What is root cause analysis?

Root cause analysis is a method or process to identify any breakdowns in processes and systems currently in place that could be improved when adverse incidents arise.

When effectively implemented, a root cause analysis can:

  • Identify factors that contributed to an adverse event or near-miss so that measures can be put in place to address contributing factors.
  • Prevent incidents from happening again in the future.
  • Improve customer experience.
  • Reduce the costs associated with risk.

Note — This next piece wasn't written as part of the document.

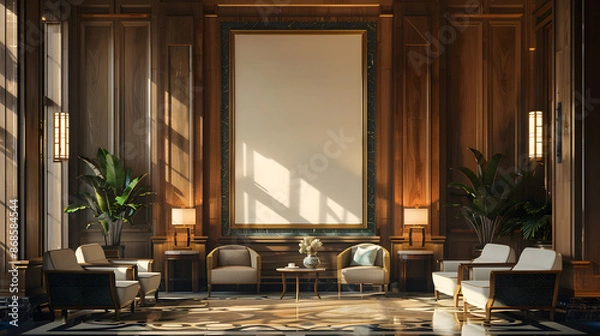 Obraz Art Deco extravagant and premium interior design hotel lobby with chairs, sofa and empty poster mockup on the wall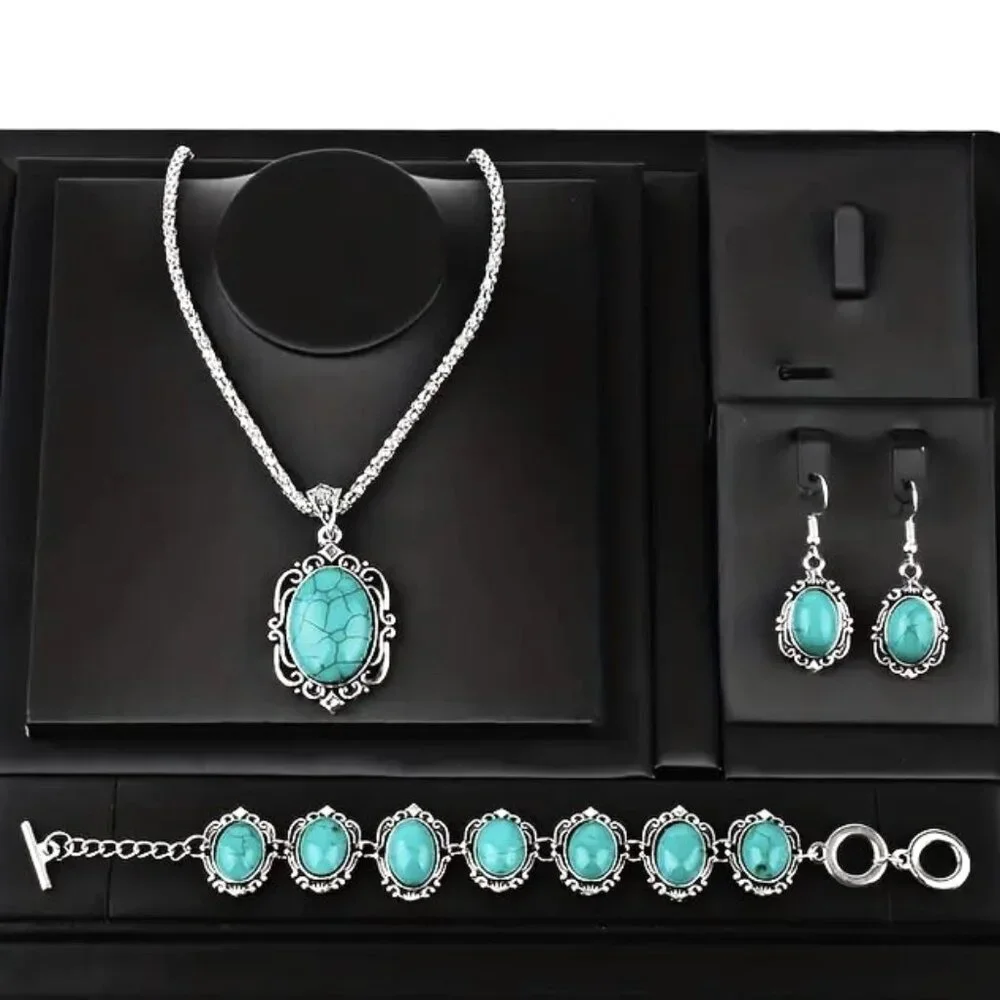Turquoise Necklace Earrings Bracelet 4pc Boho Native Stylish Glam Lucky Trendy - Picture 6 of 6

Conducting a root cause analysis entails an in-depth process, which consists of finding the proper teams involved with resolving the adverse event, reviewing valid notes taken during this time, reviewing the data from monitoring tools in place used to help identify mean time to detect (MTTD) and mean time to resolve (MTTR), and improve its efficiency in addition to minimizing and/or eliminating the risk of it recurring.

By team involvement, sharing details of the adverse events and effective communication can impact a positive outcome.

Root cause analysis: nuts and bolts

Root cause analysis represents comprehensive investigation, assessment, evaluation and correction. All these are attributes that feature in the services that New Relic provides. There are many types of investigative procedures used to carry out root cause analysis such as these described below:

  • Identify the problem: The first step upon recognizing an issue is to define a problem statement and the symptoms (for example, a machinery malfunction, a failed or faulty process, or human error). Once that’s done, it’s important to isolate any suspected contributing factors to contain the problem while you try to uncover the root cause.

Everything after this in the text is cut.